Dr Seuss' Horton Hears A Who! made a big noise at the North American box office this weekend, opening with a chart-topping estimated three-day gross of $45.1m. The computer animated comedy from 20th Century Fox and its Blue Sky Studios almost matched the debut of the companies' first hit Ice Age, which opened on the same pre-Easter weekend in 2002.

Among other new releases, Summit Entertainment's Never Back Down opened on target with an estimated $8.6m while Universal's Doomsday came in slightly below expectations with an estimated $4.7m.

Getting the widest opening of the year so far, Horton Hears A Who! took its $45.1m from 3,954 theatres, for a per-theatre average of $11,406. The G-rated Dr Seuss adaptation, with Jim Carrey and Steve Carell heading the voice cast and Jimmy Hayward and Steve Martino directing, was well received by critics and drew kids and parents at the start of the Easter school holidays.

Horton's take beat studio projections and compares well to the $46.3m opening achieved in the corresponding 2002 release slot by Ice Age, which went on to gross $176.4m domestically. And it improved considerably on the $36m debut in March 2005 of Fox and Blue Sky's Robots.
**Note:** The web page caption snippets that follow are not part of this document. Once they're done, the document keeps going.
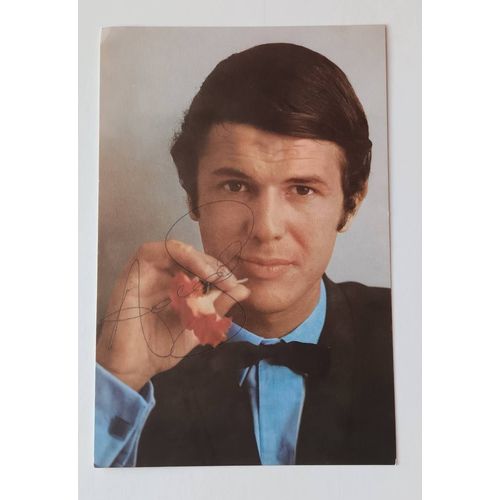 Carte Postale Dédicacée Adamo Pathé Marconi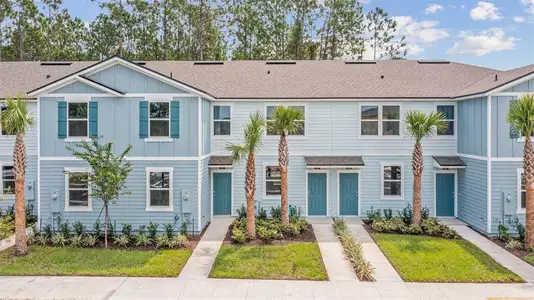 New construction Townhouse house 289 Ayamonte Rd, St. Augustine, FL 32084 plan Jackson - image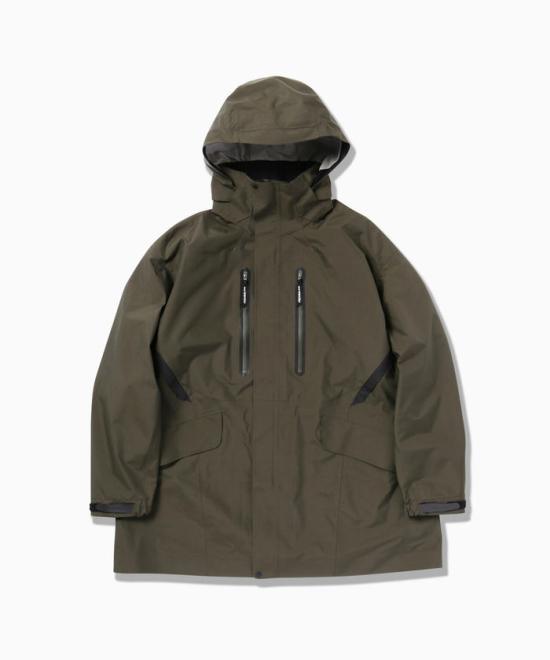 and wander Wool Blend Long Coat for Women 5745211004181 DKHAKI DOM
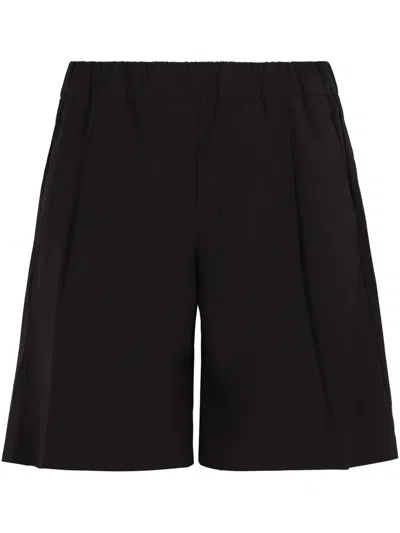 Herno Elasticated-waist Shorts In Black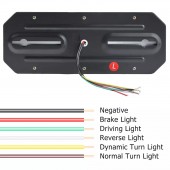 Set 2 stop spate cu led 12v/24v dinamice (34.5x13)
The fully-animated Horton also opened better than live action Dr Seuss adaptation The Cat In The Hat, though it lagged behind the live version of Seuss's How The Grinch Stole Christmas.

Never Back Down, the first Summit production to be released through the company's new domestic distribution operation, earned third place in the North American chart with its estimated $8.6m from 2,729 theatres (for a $3,155 average).

The mixed martial arts (MMA) fight-fest, with Sean Faris and Djimon Hounsou starring, was slammed by critics but, with its PG-13 rating, pulled in plenty of younger MMA fans (who will have several more MMA movies to sample in coming months).

Doomsday, a futuristic action thriller produced by Universal's Rogue Pictures unit and Crystal Sky, ranked seventh in the chart with its estimated $4.7m from 1,936 theatres (average - $2,449). Written and directed by Neil Marshall and starring Rhonda Mitra and Bob Hoskins, the UK-set killer virus tale had a smaller potential audience because of its R rating.

Warner's 10,000 BC, which opened at the top of the chart last weekend, dropped by 54% but held on to second spot with an estimated $16.4m from 3,410 theatres (average - $4,813). Buena Vista's College Road Trip, which opened in second spot last weekend, fell 42% to $7.9m from 2,706 theatres (average - $2,916), to rank fourth.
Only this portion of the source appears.